Reporting from Tripoli, The Wall Street Journal’s Paul Sonne and Margaret Coker reveal the depths of collusion between Colonel Qaddafi’s spooks and their foreign tech support:
The recently abandoned room is lined with posters and English-language training manuals stamped with the name Amesys, a unit of French technology firm Bull SA, which installed the monitoring center. A warning by the door bears the Amesys logo. The sign reads: “Help keep our classified business secret. Don’t discuss classified information out of the HQ.”
French-owned Amesys was just one of those whose wares were on display. Narus, a subsidiary of Boeing, the ZTE Corporation of China and a small (but apparently important) South African firm called VASTech SA (Pty) were all represented. Other names will likely follow. So far, they are all following the hush-hush urgings of the Amesys sign, offering limp responses to the WSJ’s inquiries, or just declining to comment.

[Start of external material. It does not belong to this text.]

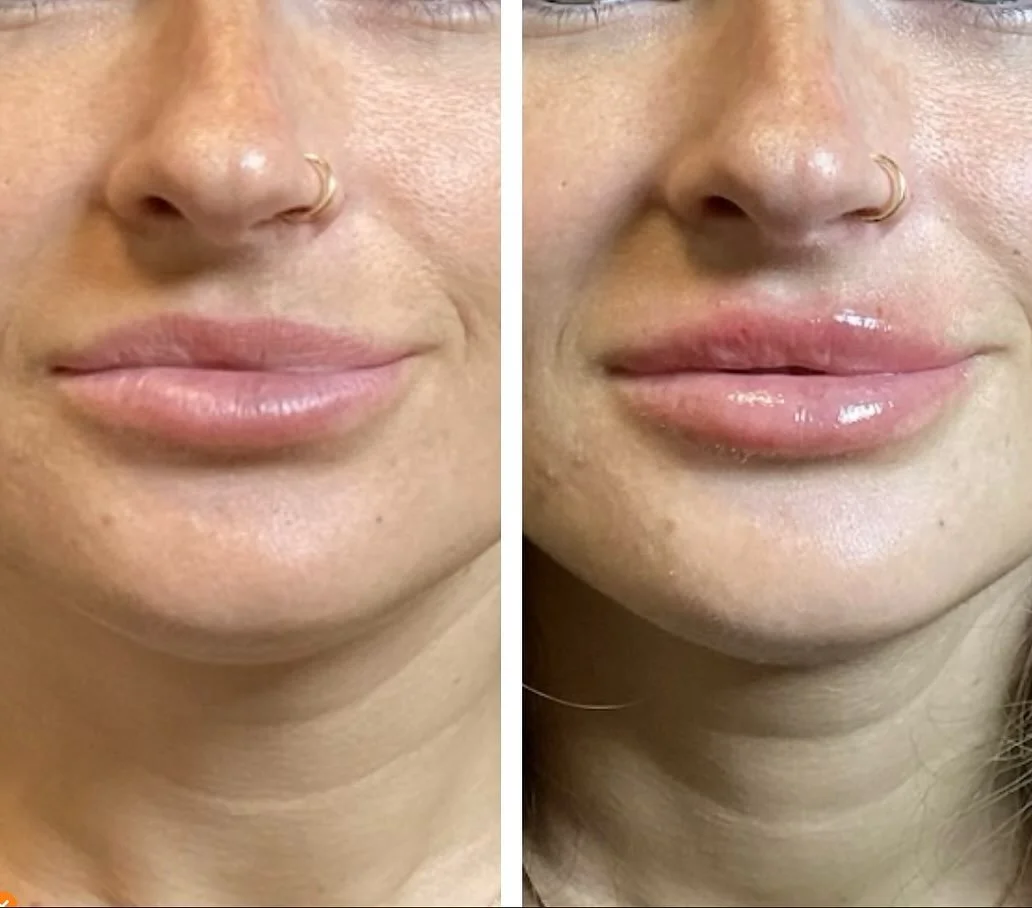 In LOVE! Mini lip filler session with a lip flip. PERFECTION. 
Injector-Anna Castellanos, APRN-CNP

But the HQ records speak for themselves: the government recorded thousands of online conversations, phone calls and web histories, from regular citizens to human rights activists (those who had overseas contacts were priority targets, of course). And just in case the snoops heard something good on all those hours of recordings, the place was also equipped with “a windowless detention center,” the Wall Street Journal reported.
As the Wall Street Journal points out, none of this is especially shocking. Foreign companies and their products have been actively involved in suppressing the Arab Spring, and from the Middle East to East Asia, multinationals have made hefty profits from providing surveillance capacity, security contracting and arms sales to repressive regimes. This SIGINT Road, if you will, is the e-version of the old Silk Road running from Beijing to Tunis with many stops along the way.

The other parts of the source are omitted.